Ser bem sucedido significa fornecer coisas — fornecer bens e serviços
para seus clientes (esta é a chave para a lucratividade) e, como consequência,
revelar para todos os concorrentes o método que o tornou bem-sucedido (ou que
resultou em seu fracasso). O próprio ato
de empreender — que sempre tende a ser uma tarefa livremente copiável — por
si só já transforma seus métodos em objeto de estudo.
A
informação que você revela é o preço que você paga em sua busca pelo
lucro. E qualquer lucro que você obtiver
sempre estará ameaçado por concorrentes que irão emular o seu sucesso. Isto significa que você jamais pode se
acomodar; você jamais pode se contentar com sua situação atual. Você tem de estar sempre inovando e
renovando, constantemente — e você tem de fazer isso sempre tentando ofertar
ao público exatamente aquilo que ele quer, e da maneira mais eficiente
possível. É isso que dá ao mercado
tamanho dinamismo, que o impulsiona e que explica seu espírito inovador e
inventivo.
São
enormes as chances de você estar lendo este artigo em um foro totalmente
gratuito. Talvez você o tenha visto em
um website pelo qual você não pagou para ler ou o viu sendo divulgado em alguma
rede social pela qual você não paga para usar.
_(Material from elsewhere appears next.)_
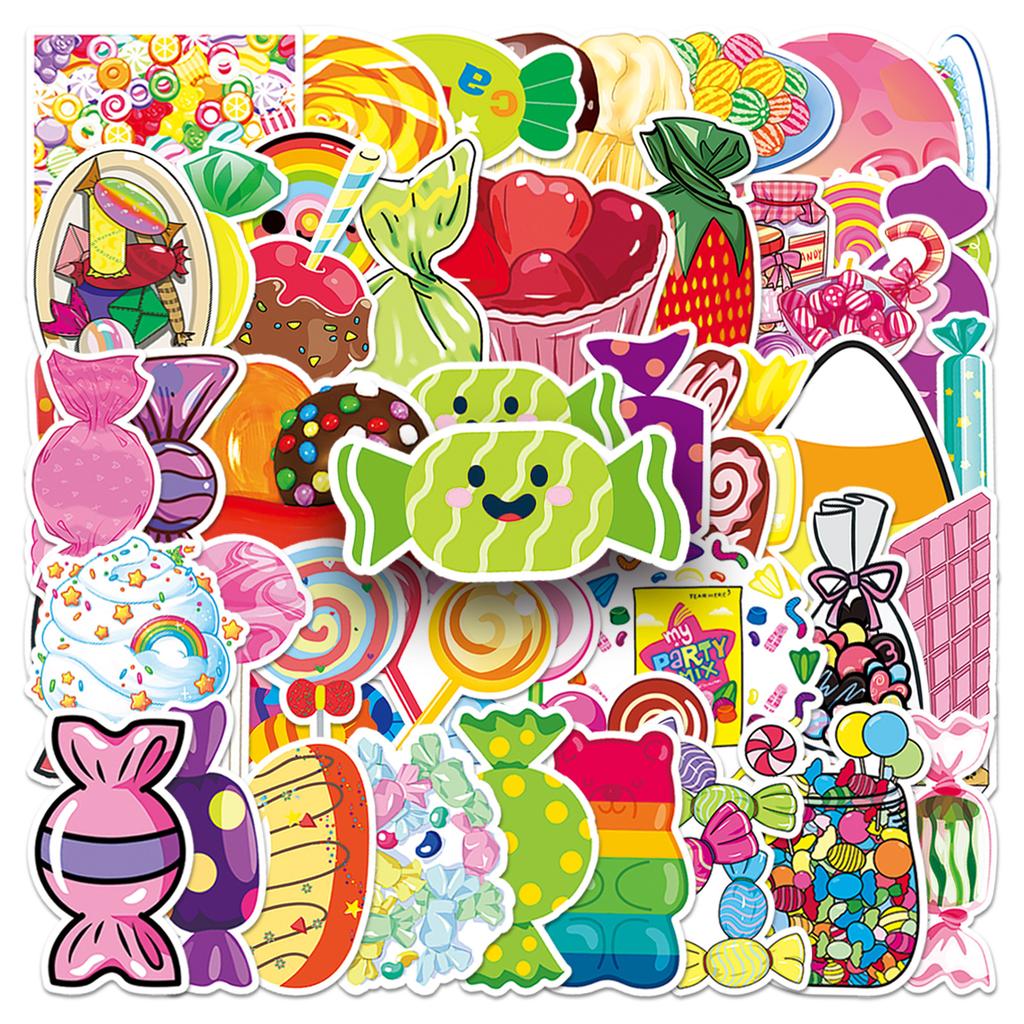 50 Colorful Candy Doodle Personalized Cartoon Children's Guka DIY Mobile Case Suitcase Stickers Waterproof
Estes são bens gratuitos, meios que os capitalistas utilizam para atrair
o interesse das pessoas para os empreendimentos que eles estão fazendo.
Mas
estes bens gratuitos são apenas a parte inicial de tudo que o mercado oferece. O mais valioso bem gratuito que o mercado
produz a cada minuto é o oceano de informação sobre sucessos e fracassos, sobre
os que as pessoas querem e o que elas não querem, sobre o que funciona e o que
não funciona. Esta vasta reserva de
informação está sendo divulgada globalmente, de modo contínuo, e funciona como
se fosse um chuveiro jorrando bênçãos sobre a civilização. As redes digitais elevaram a bênção a níveis
que ninguém jamais imaginou serem possíveis de alcançar.
O
exemplo da barbearia pode não parecer nada espetacular, mas se você o entender
— se você realmente o entender, e conseguir ver toda a dinâmica que ele revela
—, então você irá entender o mecanismo que retirou todo o mundo de seu estado
primitivo e o elevou à gloriosa prosperidade que se difunde continuamente por
todo o globo. Isto nada mais é do que o
mercado em ação — a rede de trocas, de cooperação, de serviços, de inovação,
de emulação e de competição que faz com que o mundo gire, tudo a serviço do
bem-estar humano. Quanto mais mercado
tivermos, mais progresso vivenciaremos.
Portanto,
façamos a pergunta: por que tantas pessoas se dizem contrárias ao livre
mercado? Só pode ser porque elas não
entendem como ele realmente funciona.
Gostaria muito de poder convidar essas pessoas a se juntarem a mim para
uma cerveja e uma partida de pingue-pongue e então perguntar a elas como acham
que foi possível criar este pequeno pedaço de céu aqui na terra.